> [Exercise instructions] Lines before the one containing "Women's Cat Scared Of Cucumbers Tank Top" are not copied; that line and every one after it, through the end of the material below, are printed exactly, without pictures.

> [Data for analysis]

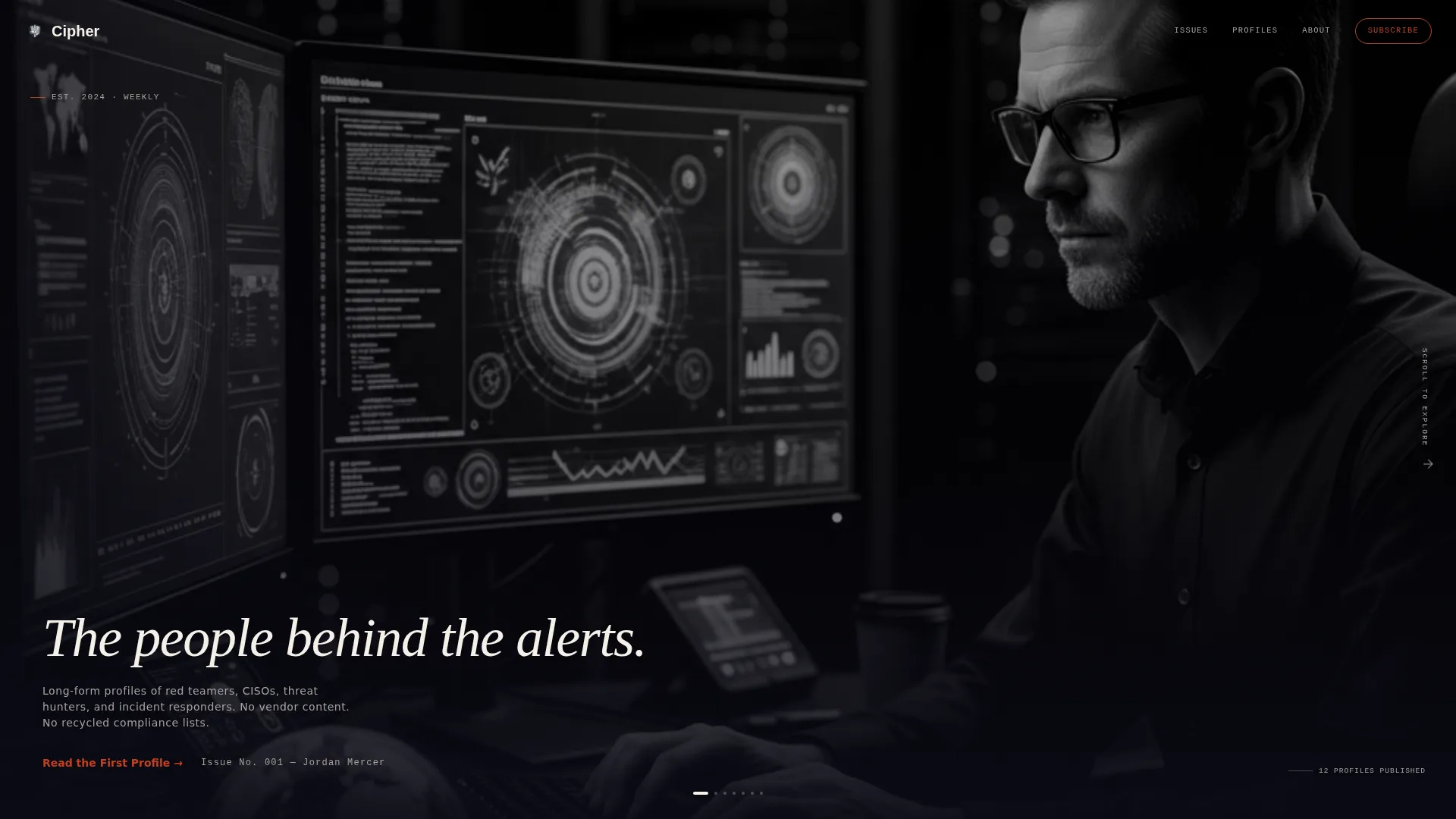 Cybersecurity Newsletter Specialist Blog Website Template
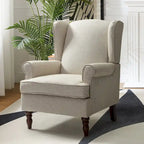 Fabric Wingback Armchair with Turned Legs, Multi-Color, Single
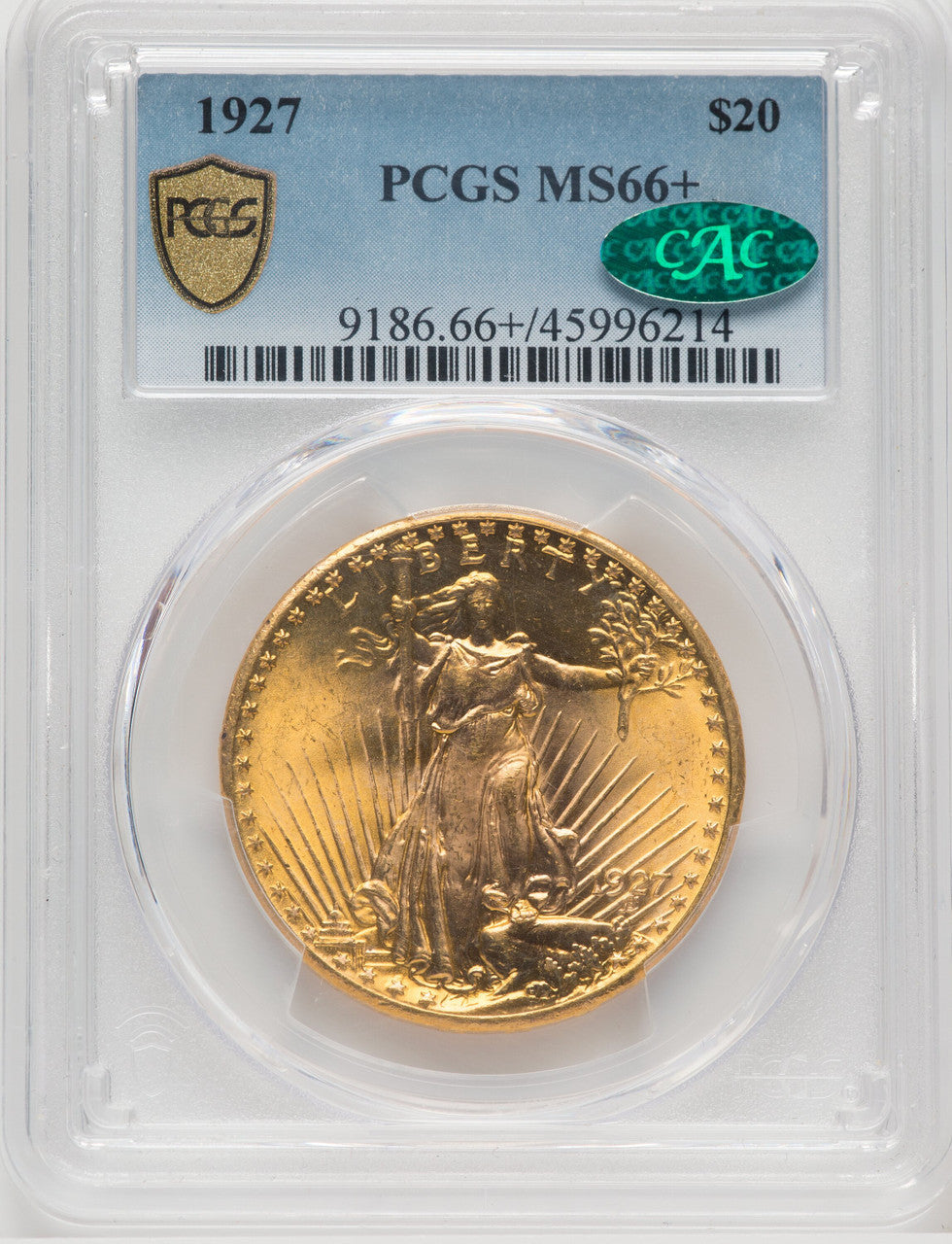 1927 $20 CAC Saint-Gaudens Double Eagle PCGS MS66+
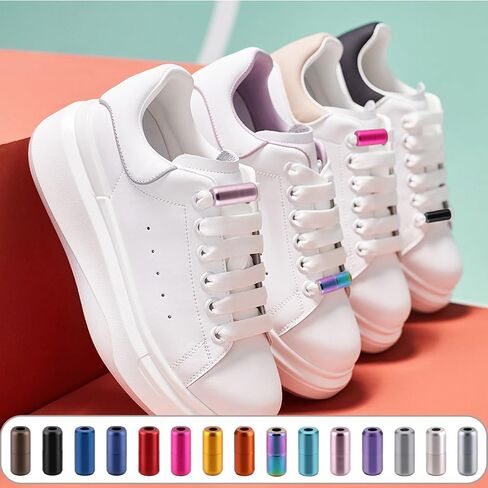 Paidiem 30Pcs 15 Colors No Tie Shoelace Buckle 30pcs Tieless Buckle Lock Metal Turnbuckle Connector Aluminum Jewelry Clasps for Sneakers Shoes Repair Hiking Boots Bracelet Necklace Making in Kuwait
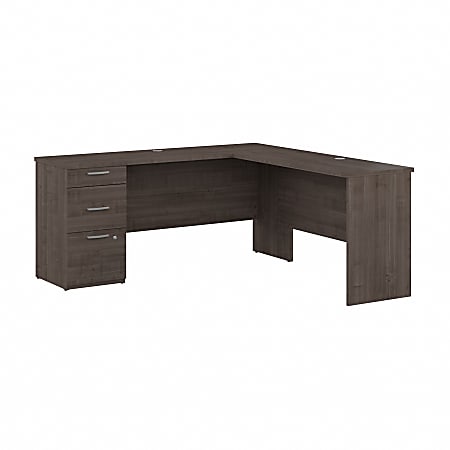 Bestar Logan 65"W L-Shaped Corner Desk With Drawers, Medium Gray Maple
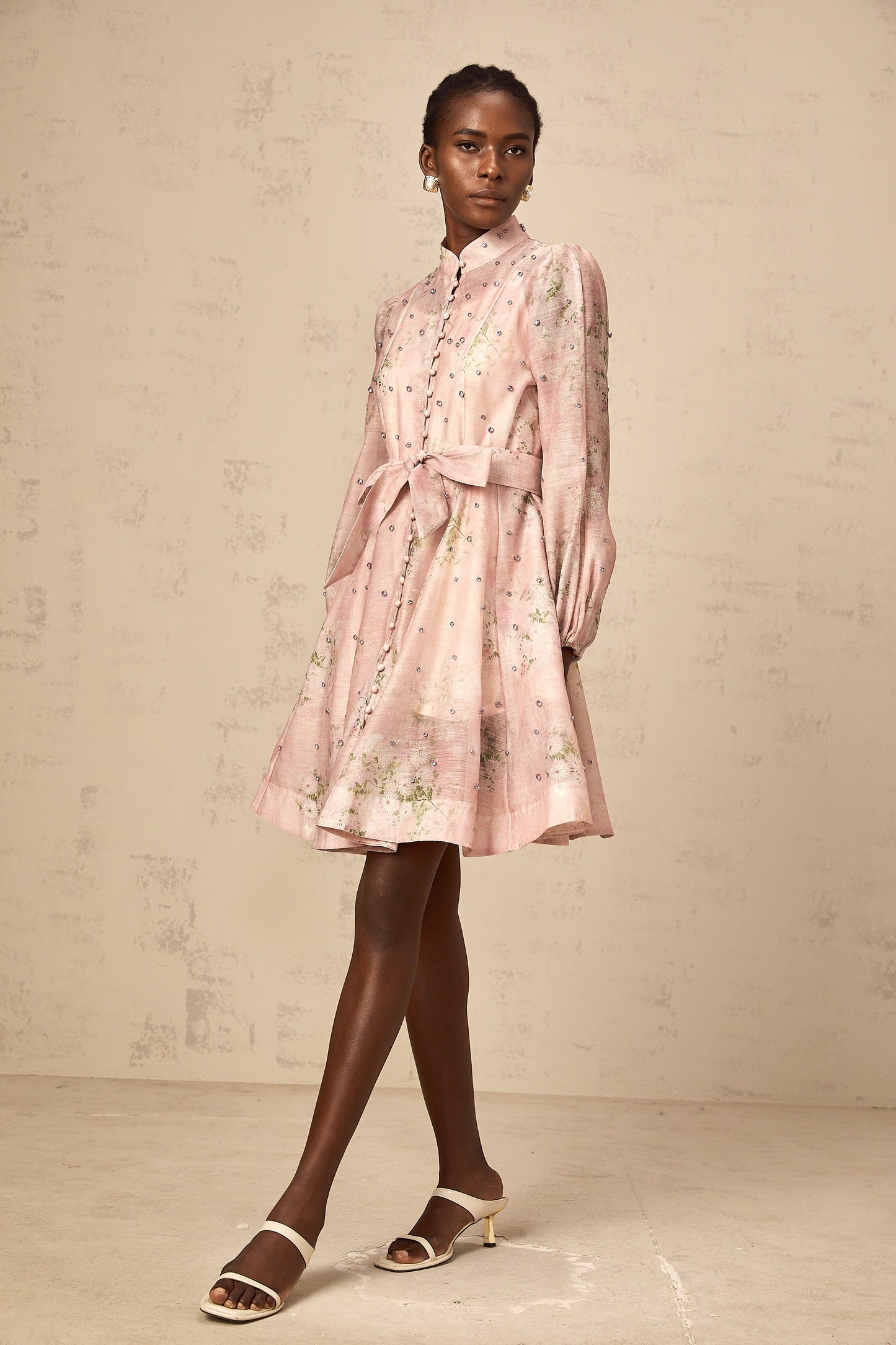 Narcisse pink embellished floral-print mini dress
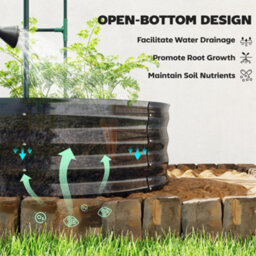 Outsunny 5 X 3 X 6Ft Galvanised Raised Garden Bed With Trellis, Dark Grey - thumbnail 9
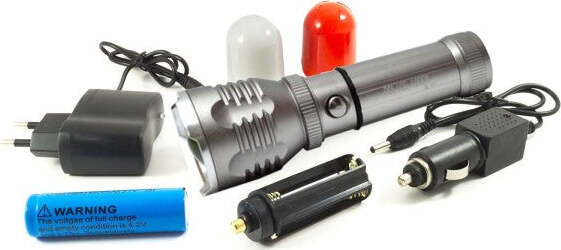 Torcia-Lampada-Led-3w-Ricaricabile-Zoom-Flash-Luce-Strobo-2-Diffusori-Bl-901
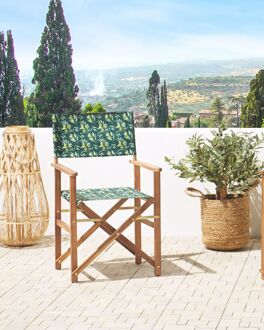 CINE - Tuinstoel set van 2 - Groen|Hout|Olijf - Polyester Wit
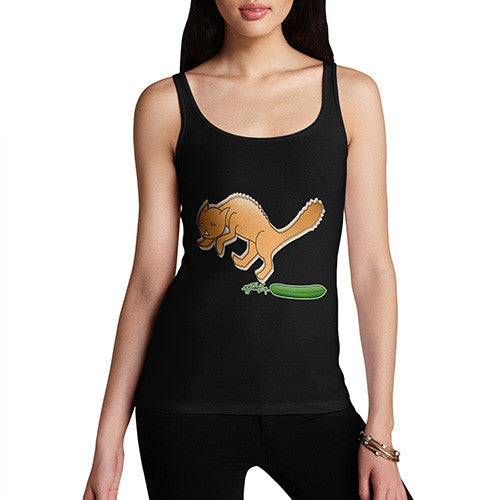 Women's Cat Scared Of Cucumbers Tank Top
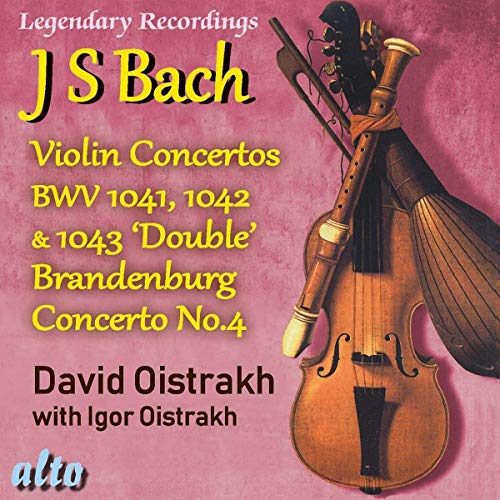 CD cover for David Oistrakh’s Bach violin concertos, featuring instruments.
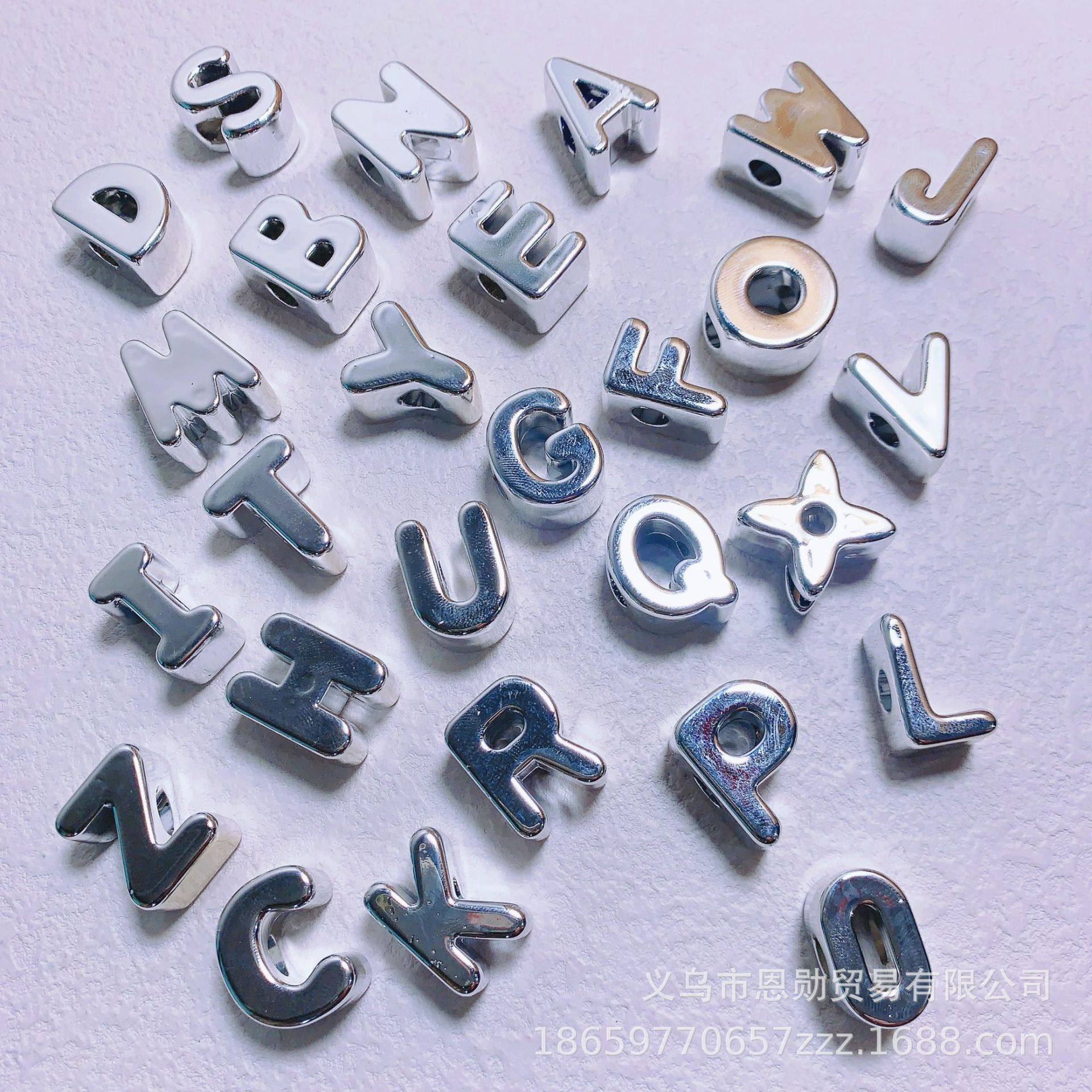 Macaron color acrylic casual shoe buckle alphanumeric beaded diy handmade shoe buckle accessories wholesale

> [Result for this exercise]
 Women's Cat Scared Of Cucumbers Tank Top
 CD cover for David Oistrakh’s Bach violin concertos, featuring instruments.
 Macaron color acrylic casual shoe buckle alphanumeric beaded diy handmade shoe buckle accessories wholesale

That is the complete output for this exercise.